Ah o savaşlar… Kocaman dünyaları, kan göllerine çevirerek küçülten, cennetleri cehennemlere çeviren savaşlar… Gün geçmiyor ki, bir yenisini hortlatmayıversinler! Kimler; elbet ki, gırtlakları paraya doymayan, karınlarının hacimlerini hesaplayamadıklarımız... Emperyalizmin kukla oynatıcıları, maşa tutucuları ve oyuncakları…
Burnumuzun dibinde onlarcası yaşandı ve yaşanmaya, yaşatılmaya devam ediyor. Ancak ben, sizleri 90’lı yılların başına götürmek istiyorum. Avrupa’nın göbeğinde, yine birileri, zulmü kol gezmesi için görevlendirmişlerdi. Parçalanan Yugoslavya’nın içerisinden, ülkecikler çıkarıyor, kimilerine yeni yeni pazarlar açıyorlardı. Ne var ki, bahsini ettiğim göbeğin bazı noktalarında, etnik de olabilecek sorunlar vardı kendilerine göre... Ne yapmalıydılar; evet, savaş… Savaşın en acısını çıkardılar hem de… Avrupa’nın göbeğinde, binlerce Bosna’lı Müslümanın, “etnik kökenleri Türklüğe dayanıyor” etnik sebebini koyarak birilerinin önüne, cennetlerini başlarına yıktılar.
O yıllarda, yani 1993 yılının Mayıs ayı olduğunu tahmin ediyorum ki, yaşım henüz 17… Reşit bile değilim.
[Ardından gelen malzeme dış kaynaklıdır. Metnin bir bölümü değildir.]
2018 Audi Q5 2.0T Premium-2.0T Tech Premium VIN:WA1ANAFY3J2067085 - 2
Yenice çoğalmaya yüz tutmuş televizyon kanallarımızdan, gündemi takip etmeye çalışıyoruz. Ya da boy boy savaş fotoğraflarını, gazetelerin ilk sayfalarından okuyoruz. Gerçi bizim nesil, savaşları televizyondan canlı olarak izleyen ilk nesildi; körfez savaşını hatırlatayım.
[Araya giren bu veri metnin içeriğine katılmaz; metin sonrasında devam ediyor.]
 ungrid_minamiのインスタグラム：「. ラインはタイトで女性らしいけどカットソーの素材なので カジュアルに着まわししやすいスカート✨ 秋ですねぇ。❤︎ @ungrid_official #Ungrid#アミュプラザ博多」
Neyse, Avrupa’nın göbeğine geri dönelim;
Can sıkıcı katliamların her geçen gün artarak yaşandığı ve dünyanın âmâymış gibi tepki dahi vermediği Bosna ve oradaki masumlar için bir fikir düştü aklıma; beş-altı kafadar arkadaşımla, bisikletler edinip, ülkemizin şirin sahil ilçelerinden olan Erdek’ten başlamak suretiyle, Alanya’ya kadar pedal çevirecektik ve hiçbir siyasi oluşumu da pedallarımıza dâhil etmeyecektik. İlla ki, bizim gibi masumlar için pedal atmak isteyen de çıkacaktı; onları da yol boyu kervanımıza ekleyecek ve bir çığ gibi büyüyerek, basının dikkatini çekecek, Avrupa’nın göbeğindeki savaşa dur diyecektik.
Ne güzel fikir değil mi?
Ne mi oldu? Fikirden öteye geç(e)medi bisiklet turu düşüncesi ve günler günleri, aylar da ayları kovaladı. Hepimizin bildiği, Srebrenitsa soykırımına, tüm dünya şahitlik etti umurunda olmadan…
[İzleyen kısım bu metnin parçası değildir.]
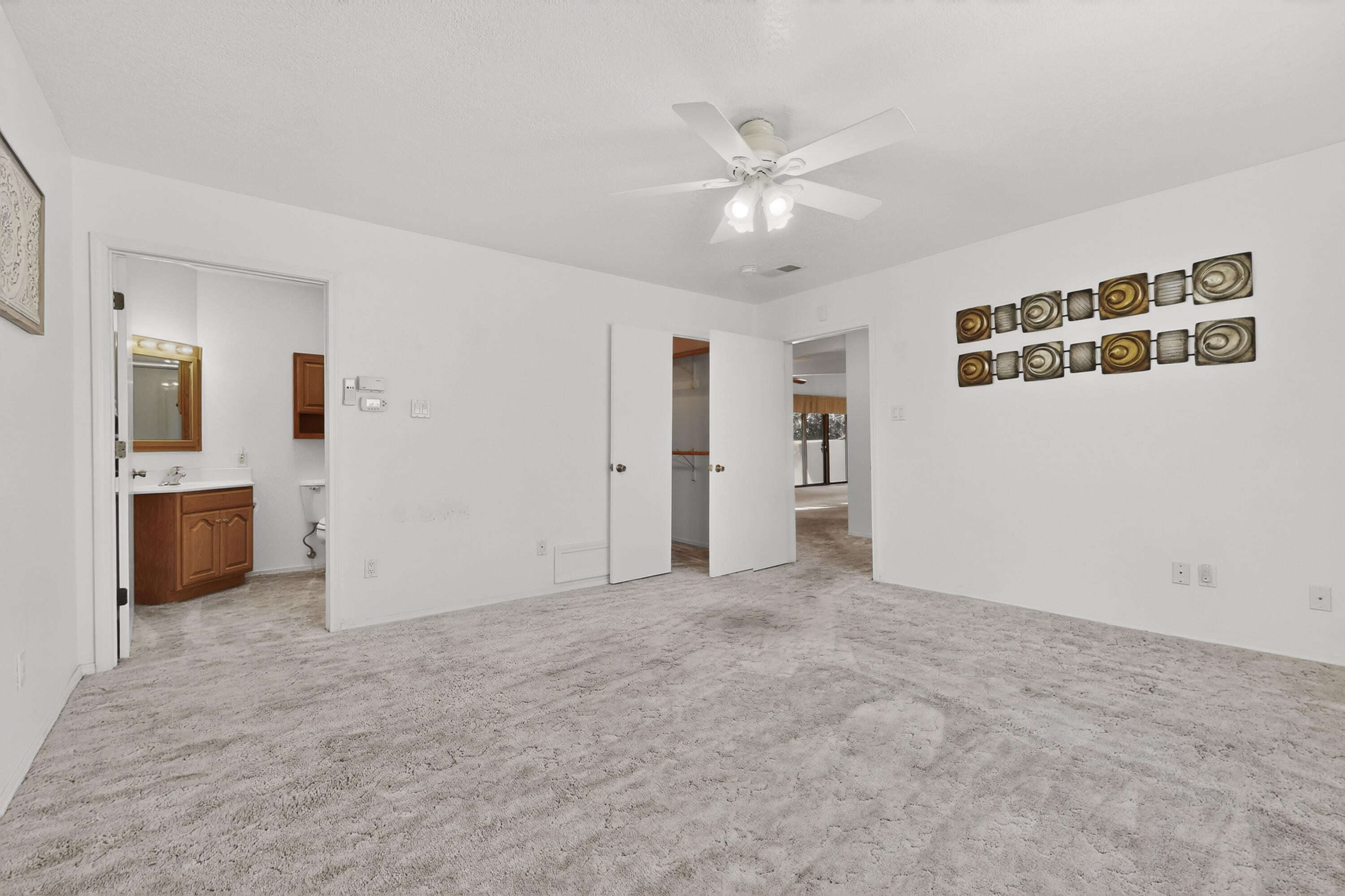 1221 La Charles Drive NE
Belki, bugünkü tek tesellim, savaş suçlularının ağır şekilde cezalandırılmış olmaları… Her ne kadar da, karmaşık bir yönetim şekli olsa da, Bosna-Hersek adında bir ülkenin varlığının olması… O ülkede bugün nefes alan binlerce soydaşımızın kötü savaş günlerini atlatmış ve bir yurtlarının olması…
İşte tüm bu sıkıntılı günlerde, bir başına, halkının refahı için mücadele etmiş, liderlik yapmış Aliya İzzetbegoviç’i saygıyla anıyorum. 19 Ekim 2003 günü, rahatsızlığından dolayı dünyamızdan göç eden İzzetbegoviç, Bosna Hersek’in garip yönetim şeklini, kaybedecekleri toprakları ve silahlanma-silahsızlanma stratejilerini ABD ve diğer sömürücüler, Paris’te imzalanan Dayton Anlaşması ile kendilerine dayattıklarında; “adil olmasa da, olabileceğinin en iyisi” şeklinde yorumlamış ve daha fazla kanından, canından, yurdundan olmadan imzalamıştır.
Onun şu sözü aklımdan hiç çıkmaz;
“Bizi toprağa gömdüler. Fakat tohum olduğumuzu bilmiyorlardı…”.